Given the entries below, copy each of them out exactly.

◇ ◇ ◇ ◇ ◇

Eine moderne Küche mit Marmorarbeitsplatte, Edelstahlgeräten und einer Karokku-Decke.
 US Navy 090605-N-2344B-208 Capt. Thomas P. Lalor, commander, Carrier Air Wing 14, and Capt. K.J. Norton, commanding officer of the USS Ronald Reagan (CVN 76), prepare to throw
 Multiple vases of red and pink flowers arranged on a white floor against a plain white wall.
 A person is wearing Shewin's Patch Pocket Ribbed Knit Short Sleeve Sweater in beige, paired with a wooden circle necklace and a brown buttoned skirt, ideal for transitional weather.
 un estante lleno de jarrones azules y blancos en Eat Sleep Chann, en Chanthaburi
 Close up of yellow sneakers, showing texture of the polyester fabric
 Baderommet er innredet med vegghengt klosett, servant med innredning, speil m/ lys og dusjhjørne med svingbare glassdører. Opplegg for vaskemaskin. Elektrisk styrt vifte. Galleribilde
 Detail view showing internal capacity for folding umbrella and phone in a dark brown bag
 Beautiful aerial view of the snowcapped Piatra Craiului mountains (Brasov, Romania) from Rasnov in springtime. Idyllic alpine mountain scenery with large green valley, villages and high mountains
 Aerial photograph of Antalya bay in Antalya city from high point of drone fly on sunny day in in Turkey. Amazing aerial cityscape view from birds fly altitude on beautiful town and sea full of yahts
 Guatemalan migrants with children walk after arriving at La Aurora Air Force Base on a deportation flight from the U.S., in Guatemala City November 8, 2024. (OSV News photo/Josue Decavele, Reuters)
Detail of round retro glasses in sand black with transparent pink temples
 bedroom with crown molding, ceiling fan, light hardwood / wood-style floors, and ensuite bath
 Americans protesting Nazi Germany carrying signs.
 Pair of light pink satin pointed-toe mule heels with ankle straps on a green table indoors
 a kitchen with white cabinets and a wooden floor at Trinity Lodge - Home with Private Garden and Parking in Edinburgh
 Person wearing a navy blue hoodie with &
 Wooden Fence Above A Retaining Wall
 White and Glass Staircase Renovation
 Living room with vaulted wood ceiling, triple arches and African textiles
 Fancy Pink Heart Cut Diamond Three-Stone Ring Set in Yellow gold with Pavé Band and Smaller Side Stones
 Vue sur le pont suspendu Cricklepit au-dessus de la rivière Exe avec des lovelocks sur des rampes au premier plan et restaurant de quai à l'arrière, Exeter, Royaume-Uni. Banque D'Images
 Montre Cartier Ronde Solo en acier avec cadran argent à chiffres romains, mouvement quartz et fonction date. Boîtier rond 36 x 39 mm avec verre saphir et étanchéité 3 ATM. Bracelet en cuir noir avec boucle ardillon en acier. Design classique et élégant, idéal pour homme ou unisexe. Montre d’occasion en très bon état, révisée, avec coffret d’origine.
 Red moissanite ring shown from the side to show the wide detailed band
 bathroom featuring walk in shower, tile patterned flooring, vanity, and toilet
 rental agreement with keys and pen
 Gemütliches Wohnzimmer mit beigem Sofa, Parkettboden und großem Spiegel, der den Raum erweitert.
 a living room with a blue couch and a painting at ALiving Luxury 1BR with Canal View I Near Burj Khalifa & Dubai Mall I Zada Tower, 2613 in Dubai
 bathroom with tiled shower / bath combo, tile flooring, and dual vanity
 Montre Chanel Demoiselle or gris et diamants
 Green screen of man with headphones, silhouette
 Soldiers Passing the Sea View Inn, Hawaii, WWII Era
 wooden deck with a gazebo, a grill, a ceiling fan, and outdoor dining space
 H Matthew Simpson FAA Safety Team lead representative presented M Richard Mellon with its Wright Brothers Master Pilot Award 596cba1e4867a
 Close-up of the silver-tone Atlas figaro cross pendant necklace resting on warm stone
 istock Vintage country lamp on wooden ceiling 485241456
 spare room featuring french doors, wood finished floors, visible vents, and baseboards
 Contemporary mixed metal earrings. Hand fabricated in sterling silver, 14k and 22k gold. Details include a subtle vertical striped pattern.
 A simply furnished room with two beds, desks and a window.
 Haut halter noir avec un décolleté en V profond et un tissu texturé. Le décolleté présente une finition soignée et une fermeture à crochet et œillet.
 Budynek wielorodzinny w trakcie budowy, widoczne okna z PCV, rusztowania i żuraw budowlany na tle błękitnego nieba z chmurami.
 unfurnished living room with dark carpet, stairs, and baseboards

◇ ◇ ◇ ◇ ◇

Solution below —
Eine moderne Küche mit Marmorarbeitsplatte, Edelstahlgeräten und einer Karokku-Decke.
 US Navy 090605-N-2344B-208 Capt. Thomas P. Lalor, commander, Carrier Air Wing 14, and Capt. K.J. Norton, commanding officer of the USS Ronald Reagan (CVN 76), prepare to throw
 Multiple vases of red and pink flowers arranged on a white floor against a plain white wall.
 A person is wearing Shewin's Patch Pocket Ribbed Knit Short Sleeve Sweater in beige, paired with a wooden circle necklace and a brown buttoned skirt, ideal for transitional weather.
 un estante lleno de jarrones azules y blancos en Eat Sleep Chann, en Chanthaburi
 Close up of yellow sneakers, showing texture of the polyester fabric
 Baderommet er innredet med vegghengt klosett, servant med innredning, speil m/ lys og dusjhjørne med svingbare glassdører. Opplegg for vaskemaskin. Elektrisk styrt vifte. Galleribilde
 Detail view showing internal capacity for folding umbrella and phone in a dark brown bag
 Beautiful aerial view of the snowcapped Piatra Craiului mountains (Brasov, Romania) from Rasnov in springtime. Idyllic alpine mountain scenery with large green valley, villages and high mountains
 Aerial photograph of Antalya bay in Antalya city from high point of drone fly on sunny day in in Turkey. Amazing aerial cityscape view from birds fly altitude on beautiful town and sea full of yahts
 Guatemalan migrants with children walk after arriving at La Aurora Air Force Base on a deportation flight from the U.S., in Guatemala City November 8, 2024. (OSV News photo/Josue Decavele, Reuters)
Detail of round retro glasses in sand black with transparent pink temples
 bedroom with crown molding, ceiling fan, light hardwood / wood-style floors, and ensuite bath
 Americans protesting Nazi Germany carrying signs.
 Pair of light pink satin pointed-toe mule heels with ankle straps on a green table indoors
 a kitchen with white cabinets and a wooden floor at Trinity Lodge - Home with Private Garden and Parking in Edinburgh
 Person wearing a navy blue hoodie with &
 Wooden Fence Above A Retaining Wall
 White and Glass Staircase Renovation
 Living room with vaulted wood ceiling, triple arches and African textiles
 Fancy Pink Heart Cut Diamond Three-Stone Ring Set in Yellow gold with Pavé Band and Smaller Side Stones
 Vue sur le pont suspendu Cricklepit au-dessus de la rivière Exe avec des lovelocks sur des rampes au premier plan et restaurant de quai à l'arrière, Exeter, Royaume-Uni. Banque D'Images
 Montre Cartier Ronde Solo en acier avec cadran argent à chiffres romains, mouvement quartz et fonction date. Boîtier rond 36 x 39 mm avec verre saphir et étanchéité 3 ATM. Bracelet en cuir noir avec boucle ardillon en acier. Design classique et élégant, idéal pour homme ou unisexe. Montre d’occasion en très bon état, révisée, avec coffret d’origine.
 Red moissanite ring shown from the side to show the wide detailed band
 bathroom featuring walk in shower, tile patterned flooring, vanity, and toilet
 rental agreement with keys and pen
 Gemütliches Wohnzimmer mit beigem Sofa, Parkettboden und großem Spiegel, der den Raum erweitert.
 a living room with a blue couch and a painting at ALiving Luxury 1BR with Canal View I Near Burj Khalifa & Dubai Mall I Zada Tower, 2613 in Dubai
 bathroom with tiled shower / bath combo, tile flooring, and dual vanity
 Montre Chanel Demoiselle or gris et diamants
 Green screen of man with headphones, silhouette
 Soldiers Passing the Sea View Inn, Hawaii, WWII Era
 wooden deck with a gazebo, a grill, a ceiling fan, and outdoor dining space
 H Matthew Simpson FAA Safety Team lead representative presented M Richard Mellon with its Wright Brothers Master Pilot Award 596cba1e4867a
 Close-up of the silver-tone Atlas figaro cross pendant necklace resting on warm stone
 istock Vintage country lamp on wooden ceiling 485241456
 spare room featuring french doors, wood finished floors, visible vents, and baseboards
 Contemporary mixed metal earrings. Hand fabricated in sterling silver, 14k and 22k gold. Details include a subtle vertical striped pattern.
 A simply furnished room with two beds, desks and a window.
 Haut halter noir avec un décolleté en V profond et un tissu texturé. Le décolleté présente une finition soignée et une fermeture à crochet et œillet.
 Budynek wielorodzinny w trakcie budowy, widoczne okna z PCV, rusztowania i żuraw budowlany na tle błękitnego nieba z chmurami.
 unfurnished living room with dark carpet, stairs, and baseboards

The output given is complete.